May 5 - July 1
Jean Charlot | Champion of the Everyday

Please note that exhibition works will not be available for pickup or shipping until the exhibition closes.

Jean Charlot (French-born, American, 1898-1979) was born in Paris in 1898. He served in World War I and later moved to Mexico in 1921. Charlot participated in Mexican muralism both as an assistant to artists including Diego Rivera and with his own murals. Charlot also lived in the ancient Mayan city, Chichén Itzá where he witnessed and illustrated excavations by the Carnegie Institute, fostering his interest in indigenous culture and pre-Columbian iconography. He studied the works of José Guadalupe Posada which also had an influence on his prints, later publishing articles and essays on the subject. Charlot left Mexico for the United States in 1929. While living in New York, he taught at the Art Students League, then was invited by Josef Albers to teach and create murals at Black Mountain College in 1944. He also lived in Colorado to teach at the Colorado Springs Fine Arts Center and the Fountain Valley School. In 1949, Charlot settled in Hawaii where he taught at the University of Hawaii for over 30 years. He passed away in Honolulu in 1979.  

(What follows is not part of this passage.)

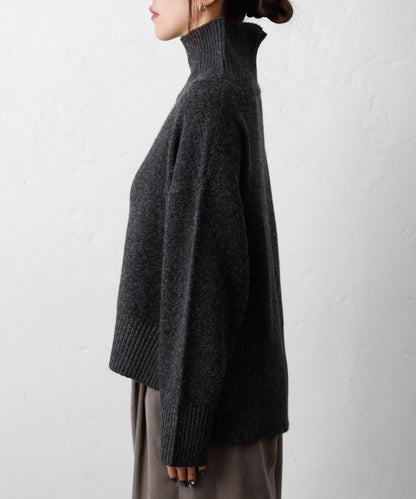 柔軟高領針織衫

Charlot is known for his prolific output across several mediums, including murals, original prints, oil paintings, illustrations and scholarly articles. He played a key role in the Mexican Mural Renaissance alongside Diego River  Pablo O’Higgins and José Clemente Orozco. Charlot is credited with completing the movement’s first mural in true fresco. He is also known as a contributor to the popularity of lithography in Mexico and for drawing attention to mesoamerican and Hawaiian art and culture. His works are collected by many major institutions and his murals are preserved internationally. The Jean Charlot Collection is held by the University of Hawaii.